Ruh zîhayat, zişuur, nuranî, vücûd-u hârici giydirilmiş, câmi, hakikatdar, külliyet kesbetmeye müstaid bir kanun-u emridir.¹
Ruhun külliyet kesp etmesi, elbette çok gâyelere ve maksatlara mâtuftur. Fakat bizim burada üzerinde duracağımız vecih, daha çok ruhun nuraniyeti hakkındadır. Bilindiği üzere ruh, bölünmez tek bir cevherdir. Aynı zamanda Üstadın, ruhu açıklarken beyan ettiği, nurani olması da bütün ulema ve ehl-i tahkikin kabul ettiği bir nazariyedir. Evet, ruh nuranidir. Yani bizim şu cesedimiz gibi kesif değildir. Ayrıca, elle tutulur bir yanı da yoktur. Ve görmek, işitmek, koku almak için bir göze, kulağa ve buruna da ihtiyaç yoktur. Yani nurani ve tek bir cevhere sâhip olduğu için ruh her tarafıyla görebilir, her tarafıyla duyabilir ve koku alabilir. Şu cesetteki maddi âletlere de muhtaç değildir. Buna şu dünyada ruhun nasıl bir yapıya sâhip olduğunu göstermek için birçok numune gösterebiliriz. Rus gazetelerinde çıkan habere göre, Rosa isimli küçük kız topuğuyla koku alıyor, diliyle görebiliyordu. Ayrıca bir çok internet sitesinde de bu tür haberlere rastlamak mümkün. Doğuştan görme engelli “Yarasa Çocuk” Lakaplı Murray, sâdece dilini şıklatarak ekolokasyon tekniğini uyguluyor ve bu teknikle görebilen Murray, istediği gibi koşabiliyor, basketbol oynayabiliyor… ²
Aylin, 12 yaşında tatlı, kendi hâlinde bir kız. Bu kız neler mi yapıyor? Gözlerine bant takıyor, eline verdiğin her şeyin rengini söylüyor. Görmeden… Sâdece dokunarak… Enerjisini hissederek… Fotoğraflara bakıp kişilerin yaşayıp yaşamadığını söyleyebiliyor… Yine gözleri kapalı, dergilerin üzerinde yazan şeyleri okuyabiliyor. ³ Tabi insan buna şaşırıyor. Çünkü bu hâdisenin bilimsel olarak açıklaması mümkün değil. Onun için gündemde canlı tutulmuyor. Belki de, bilimin iflasını gösteren bu hâdiselerin fazla iştihar etmemesinin bir başka sebebi de, işin başka bir tarafa gitmesidir…! Ayrıca Peygamber Efendimizin (asm) şu hadisine dikkatle bakmamız gerekir: “Ben önümü gördüğüm gibi arkamı da görürüm.“4 Buhari ve Müslim, Ebû Hüreyre’den ittifakla şöyle rivayet ederler: O demiştir ki: “Bir defasında Resûlullâh Efendimiz (asm) bizlere hitaben: “Siz benim yalnız ön tarafı mı gördüğümü sanıyorsunuz? Vallahi sizin rükûnuz da secdeleriniz de bana gizli değildir! Ben sizi arkamdan da görmekteyim” buyurdular.

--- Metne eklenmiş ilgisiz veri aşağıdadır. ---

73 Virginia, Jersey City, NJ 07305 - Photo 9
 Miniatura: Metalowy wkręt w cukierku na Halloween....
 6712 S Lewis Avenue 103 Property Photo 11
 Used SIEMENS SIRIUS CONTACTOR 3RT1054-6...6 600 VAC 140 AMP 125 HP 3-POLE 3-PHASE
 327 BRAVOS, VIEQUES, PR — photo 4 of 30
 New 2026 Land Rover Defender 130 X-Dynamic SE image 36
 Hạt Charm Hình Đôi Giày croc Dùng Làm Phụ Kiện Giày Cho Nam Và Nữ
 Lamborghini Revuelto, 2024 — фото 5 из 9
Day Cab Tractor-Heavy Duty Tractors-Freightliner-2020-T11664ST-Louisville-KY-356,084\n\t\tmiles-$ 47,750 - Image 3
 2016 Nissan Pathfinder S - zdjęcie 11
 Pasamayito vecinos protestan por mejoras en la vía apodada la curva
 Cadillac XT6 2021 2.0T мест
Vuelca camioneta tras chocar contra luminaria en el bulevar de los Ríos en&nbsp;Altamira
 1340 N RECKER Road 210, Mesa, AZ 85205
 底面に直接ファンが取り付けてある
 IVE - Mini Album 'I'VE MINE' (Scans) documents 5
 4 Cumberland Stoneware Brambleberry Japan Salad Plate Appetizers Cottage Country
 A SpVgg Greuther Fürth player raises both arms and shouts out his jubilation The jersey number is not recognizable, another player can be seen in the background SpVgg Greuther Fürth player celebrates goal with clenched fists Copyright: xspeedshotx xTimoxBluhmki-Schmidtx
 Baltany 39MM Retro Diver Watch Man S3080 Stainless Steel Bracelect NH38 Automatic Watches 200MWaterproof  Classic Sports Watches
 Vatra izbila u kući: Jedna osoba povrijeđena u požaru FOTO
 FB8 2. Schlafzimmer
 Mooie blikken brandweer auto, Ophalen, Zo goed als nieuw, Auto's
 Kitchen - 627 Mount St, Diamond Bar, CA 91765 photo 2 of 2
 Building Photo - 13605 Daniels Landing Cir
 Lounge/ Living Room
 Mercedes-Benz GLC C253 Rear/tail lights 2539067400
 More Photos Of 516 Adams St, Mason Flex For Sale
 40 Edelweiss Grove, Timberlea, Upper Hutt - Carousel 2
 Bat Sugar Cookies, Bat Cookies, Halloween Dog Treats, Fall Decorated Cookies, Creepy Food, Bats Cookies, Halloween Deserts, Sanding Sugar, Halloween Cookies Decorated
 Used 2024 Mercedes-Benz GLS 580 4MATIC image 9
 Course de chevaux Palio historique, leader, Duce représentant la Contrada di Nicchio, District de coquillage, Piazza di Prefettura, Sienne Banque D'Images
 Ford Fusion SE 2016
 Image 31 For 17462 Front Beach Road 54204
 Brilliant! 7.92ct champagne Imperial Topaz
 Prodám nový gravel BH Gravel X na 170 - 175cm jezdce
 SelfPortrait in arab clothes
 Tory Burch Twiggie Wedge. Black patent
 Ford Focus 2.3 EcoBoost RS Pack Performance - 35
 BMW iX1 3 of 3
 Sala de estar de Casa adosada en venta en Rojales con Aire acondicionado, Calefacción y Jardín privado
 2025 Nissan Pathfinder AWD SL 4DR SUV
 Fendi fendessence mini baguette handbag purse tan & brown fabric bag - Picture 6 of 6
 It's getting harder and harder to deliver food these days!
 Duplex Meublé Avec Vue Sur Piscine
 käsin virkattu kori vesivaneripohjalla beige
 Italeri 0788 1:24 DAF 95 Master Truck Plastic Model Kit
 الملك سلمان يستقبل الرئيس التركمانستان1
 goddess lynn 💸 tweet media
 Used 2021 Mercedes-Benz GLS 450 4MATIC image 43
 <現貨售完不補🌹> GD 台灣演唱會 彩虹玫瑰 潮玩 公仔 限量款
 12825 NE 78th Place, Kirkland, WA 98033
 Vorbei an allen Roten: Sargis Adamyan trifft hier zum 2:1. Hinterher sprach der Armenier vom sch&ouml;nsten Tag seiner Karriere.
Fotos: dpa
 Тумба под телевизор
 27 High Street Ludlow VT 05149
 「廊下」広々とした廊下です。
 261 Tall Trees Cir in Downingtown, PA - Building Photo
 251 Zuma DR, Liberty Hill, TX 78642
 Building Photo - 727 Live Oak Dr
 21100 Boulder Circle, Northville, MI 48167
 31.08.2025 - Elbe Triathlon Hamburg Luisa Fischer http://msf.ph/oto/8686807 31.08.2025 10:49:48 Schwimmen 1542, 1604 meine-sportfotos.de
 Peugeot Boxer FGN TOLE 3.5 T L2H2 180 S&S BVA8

Bunlar hep ruhun nurani bir ruhani olmasından kaynaklanıyor. Bu sebepten dolayı, cinlerin sert taş ve duvardan geçmeleri, Azrail aleyhisselamın, aynı anda birçok kişinin ruhunu kabzetmesi, bu nuraniyet özelliğine bağlıdır. Burada akla şu sual geliyor: “Acaba bizim gibi insanlar da ruhun bu özelliğini işlettirip aynı anda bir çok yerde olabilir mi? Artık insanın görmek için göze, duymak için kulağa muhtaciyeti biter mi? Artık maddi cesedimizin mahkûmiyetinden kurtulup, ruhun hâkimiyetiyle iş görüp abdallar gibi bir anda bir çok yerde bulunup Abdulkadir Geylani gibi mekânımıza uçarak gelebilir miyiz? Bu suâllere “evet” cevabını verebiliriz. (Bu yol açıktır, fakat çok nâdir insanlara nasip oluyor) Peki nasıl?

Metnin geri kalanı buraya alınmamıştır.